Why Quantum Computing Gets Special Attention In The Trump Administration’s Budget Proposal

“We’re now entering the very, very early, vacuum-tube era of quantum computers.”

By Shelly BrisbinFebruary 17, 2020 1:55 pm,

The Trump administration’s fiscal year 2021 budget proposal includes significant increases in funding for artificial intelligence and quantum computing, while cutting overall research and development spending. If Congress agrees to it, artificial intelligence, or AI, funding would nearly double, and quantum computing would receive a 50% boost over last year’s budget, doubling in 2022, to $860 million. The administration says these two fields of research are important to U.S. national security, in part because China also invests heavily in these fields.

Quantum computing uses quantum mechanics to solve highly complex problems more quickly than they can be solved by standard or classical computers. Though fully functional quantum computers don’t yet exist, scientists at academic institutions, as well as at IBM, Google and other companies, are working to build such systems.

Scott Aaronson is a professor of computer science and the founding director of the Quantum Information Center at the University of Texas at Austin. He says applications for quantum computing include simulation of chemistry and physics problems. These simulations enable scientists to design new materials, drugs, superconductors and solar cells, among other applications.

Aaronson says the government’s role is to support basic scientific research – the kind needed to build and perfect quantum computers.

“We do not yet know how to build a fully scalable quantum computer. The quantum version of the transistor, if you like, has not been invented yet,” Aaronson says.

On the software front, researchers have not yet developed applications that take full advantage of quantum computing’s capabilities.

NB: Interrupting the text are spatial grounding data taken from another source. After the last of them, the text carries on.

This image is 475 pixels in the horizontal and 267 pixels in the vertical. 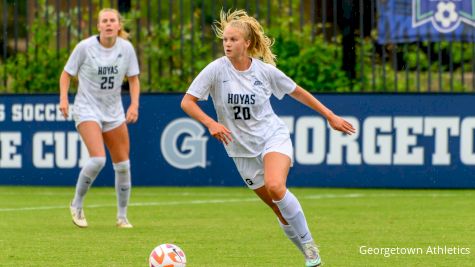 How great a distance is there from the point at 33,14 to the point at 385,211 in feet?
24.7

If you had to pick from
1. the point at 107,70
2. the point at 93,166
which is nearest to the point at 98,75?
the point at 107,70

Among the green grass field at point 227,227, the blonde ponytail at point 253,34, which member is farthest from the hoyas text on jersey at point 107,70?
the blonde ponytail at point 253,34

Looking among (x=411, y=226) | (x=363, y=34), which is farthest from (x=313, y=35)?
(x=411, y=226)

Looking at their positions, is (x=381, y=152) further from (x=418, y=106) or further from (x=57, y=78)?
(x=57, y=78)

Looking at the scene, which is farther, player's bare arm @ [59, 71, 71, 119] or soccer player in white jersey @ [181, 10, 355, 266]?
player's bare arm @ [59, 71, 71, 119]

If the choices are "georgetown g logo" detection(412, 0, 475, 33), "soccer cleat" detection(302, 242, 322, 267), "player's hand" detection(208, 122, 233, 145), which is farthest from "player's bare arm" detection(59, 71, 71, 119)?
"georgetown g logo" detection(412, 0, 475, 33)

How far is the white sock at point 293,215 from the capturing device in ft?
29.2

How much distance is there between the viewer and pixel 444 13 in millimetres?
17672

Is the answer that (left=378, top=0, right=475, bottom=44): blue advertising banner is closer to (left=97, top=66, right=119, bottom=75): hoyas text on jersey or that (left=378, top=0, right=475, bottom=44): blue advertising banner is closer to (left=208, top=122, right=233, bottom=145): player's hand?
(left=97, top=66, right=119, bottom=75): hoyas text on jersey

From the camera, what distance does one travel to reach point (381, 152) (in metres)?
17.5

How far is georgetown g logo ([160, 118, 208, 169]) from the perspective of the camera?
17891 mm

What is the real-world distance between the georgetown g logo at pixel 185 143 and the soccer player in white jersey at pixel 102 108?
→ 5139mm

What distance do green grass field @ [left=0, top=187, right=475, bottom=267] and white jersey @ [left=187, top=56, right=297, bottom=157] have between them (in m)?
0.93

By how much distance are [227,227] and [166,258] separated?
394cm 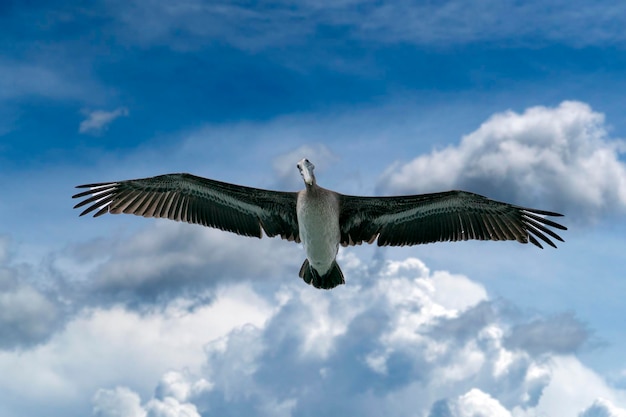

“That’s often misrepresented in the popular press, where it’s claimed that a quantum computer is just a black box that does everything,” Aaronson says.

Competition between the U.S. and China in quantum computing revolves, in part, around the role such a system could play in breaking the encryption that makes things secure on the internet.

Truly useful quantum computing applications could be as much as a decade away, Aaronson says. Initially, these tools would be highly specialized.

“The way I put it is that we’re now entering the very, very early, vacuum-tube era of quantum computers,” he says.